Alternatively, if all your sentinels are on a safe subnetwork or VPN, you should let the protected mode enabled and make your sentinels listen on the interface with the private network.

Node's flexisip configurations

In file /etc/flexisip/flexisip.conf, in the [global] sections, transports must be defined for each host, for example for host1:

[global]
transports=sips:host1.example.org

in the [module::Registrar] section:

reg-domains=mydomain.com
db-implementation=redis
redis-server-domain=10.0.0.1
redis-server-port=6379
redis-auth-password=ComplicatedPassWord123456789

in [cluster] section:

enabled=true

# List of IP addresses of all nodes present in the cluster
nodes=<IP host1> <IP host2> <IP host3>

TLS certificates

In case SIP/TLS (sips) is used, the TLS server certificate MUST advertise both the hostname and the SRV domain name. As a result, x509 extension SubjectAltName, with DNS fields should be used to advertise both names. The rational for this is:

  • SIP clients are required to verify that the names match the host part of the SIP URI targetted originally, per RFC5922 (Domain Certificates in the Session Initiation Protocol (SIP) ).
  • Flexisip nodes will use their hostname in Record-Route headers, in order to ensure that requests part of a same dialog will take the same path as the request that created the dialog. For this reason, clients may need to connect to SIP URI pointing to the node hostnames.

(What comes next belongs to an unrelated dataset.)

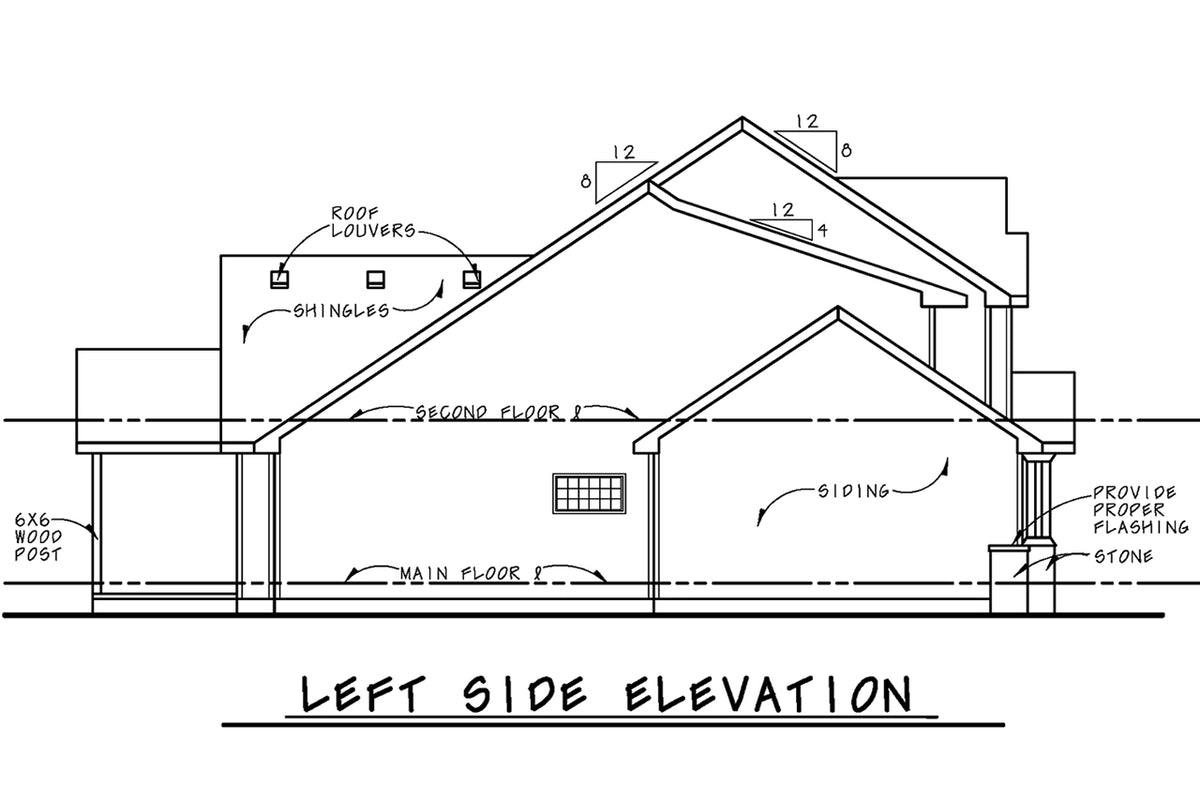 AB8089-A Craftsman House, 3 Bedrooms, 2.5 Bathrooms | Winslet House Plan Left Elevation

For example, the TLS certificate used for node "host1.example.org" must have a SubjectAltName with two DNS fields with values "example.org" (the SIP domain resolved by SRV), and "host1.example.org" (the node's hostname resolved by A/AAAA).

Typical DNS SRV records configuration

Here is an example of an active/active configuration for sips with 2 nodes.

_sips._tcp.example.org 3600 IN SRV 0 100 5061 host1.example.org.
_sips._tcp.example.org 3600 IN SRV 0 100 5061 host2.example.org.

Typical scenario in case of failure in a HA configuration

We have 3 hosts, and the current Redis master is the host 1.

  • Host 1 suffers a failure, and becomes unreachable. The other Flexisip instances immediately detect the failure and start connecting to another Redis slave. The enter a wait mode, where no new registration can be made, until a new master is elected.

Flexisip-ha_failure_step_1.png

  • After the configured delay in the sentinels (10s is recommended), they start the election process to set a new Redis master. In this case, Host2 is deemed new master. Host3's redis is reconfigured by the sentinels to adopt the new master. The Host2 and Host3 flexisip notice the change and automatically migrate to the new Redis master database.

Flexisip-ha_failure_step_2.png

  • Once Host1 comes back online, the sentinels will detect its livelyhood and reconfigure it as a slave. The Host1 flexisip will automatically migrate to the newly elected master Redis (Host2).